The PS4’s loving dad (or at least one of its fathers) Mark Cerny did a lot of thinking on the console’s architecture even before the first piece of circuitry was printed, so who can better explain how the much touted 8 gigabytes of unified GDRR5 RAM work in conjunction with the bus, and why that solution was implemented?
While speaking at a conference during GameLab 2013 in Barcelona Cerny did just that.
First of all, he explained that third parties were consulted on what they would have liked to see in a next generation console. The number one piece of feedback from more than thirty development teams was about the RAM (not surprisingly, considering how the limited RAM of the PS3 affected third party development during the current generation), and it was not what Cerny thought it would be:
Turn out that the number one piece of feedback was that they wanted a system with unified memory. That means just one pool of high speed memory. Not the two that are found on PC or on PlayStation 3.
Then he explained the new philosophy that stood behind many of the technical choices made at the base of the PS4’s architecture and specs:
I took a simpler approach: in some way it was like Nolan Bushnell’s famous philosophy for designing arcade games. He said that they should be easy to learn but difficult to master. By that he meant that anyone should be able to put a quarter on that arcade machine and have fun playing it immediately, but there needed to be enough depth to the game that it would take months for the players to fully develop their skills and to master it.
My variation on this was that the hardware should have a familiar architecture and be easy to develop for in the early days of the console life cycle, but also there needed to be a rich feature set which the game creators could explore for years. to put a more specific timeline on that, perhaps some solid features for year one and some very interesting additional features, perhaps more speculative, for year three or four of the console life time.
Another way to express this is that we didn’t want the hardware to be a puzzle that the developers would need to solve in order to make quality titles.
And then, from the philosophical he moved to the technical, so you better get some coffee because we’ll have to try to wrap our brains around this (and maybe it’s just better to take Cerny’s word for it):
The architecture that we ended up with for PlayStation 4 uses a 256 bit bus and a type of memory found in top-of-the-line graphics cards called GDDR5. The combination of this wide bus and this fast memory gives 176 gigabytes per second [of bandwidth], which — many of you will have to take my word for it — is quite a lot.
With that much bandwidth, straightforward programming techniques usually result in some pretty impressive graphics.
Now, we knew that there was an alternative architecture that would be a bit easier to manufacture. In this architecture we would use a narrower 128 bit bus which would drop the bandwidth down to 88 gigabtes per second, which is not particularly good in next generation terms, and therefore would really hurt the graphic performance. So we then used some very fast on-chip memory to bring the performance back up.
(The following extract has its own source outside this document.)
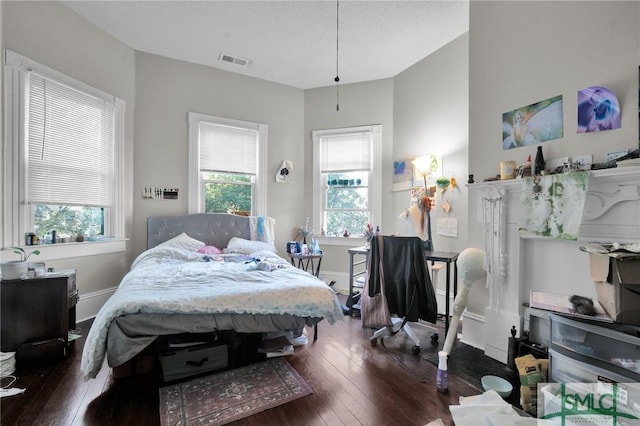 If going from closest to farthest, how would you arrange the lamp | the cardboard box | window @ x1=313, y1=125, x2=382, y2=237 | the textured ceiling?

If we used eDRAM for this on-chip memory, we knew that bandwidths of as much as one terabyte per second — that’s a thousand gigabytes per second — would be achievable. The catch though, is that the on-chip memory would need to be very small, and each game team would need to develop special techniques in order to manage it.
To compare these two architectures, the one on the left has 176 gigabytes per second for any access, the one on the right 88 gigabytes per second if the data is in system memory or a thousand gigabytes per second if the data is in that tiny eDRAM. At first glance the architecture on the right looks far superior to the one on the left, and sure, it takes a while to figure out how to use it, but once you understand how to use that little cache of eDRAM, you can unlock the full potential of the hardware.
Surprisingly, especially considering the PS3 precedent (or maybe not surprisingly at all, as Sony learned from its mistakes), the choice didn’t fall on the second solution:
But, to our new way of thinking the straightforward approach on the left is definitely advantageous. It gives us excellent day one performance, and we can find other features for the programmers to explore in later years.
In other words, it may be counterintuitive, but 176 is much larger than 1088.
As a result of this “less is more” choice the “time to triangle” (the time necessary to create a graphical system able to match the capabilities of the hardware) has gone back down to the 1-2 months that were necessary for the first PlayStation, from the 6-12 months needed for the PS3, benefitting developers, that already have engines compatible with this PC-like architecture, and indie developers. That terabyte per second of bandwidth may have sounded very tempting, but I bet quite a few devs are now thanking Mark Cerny for deciding against it.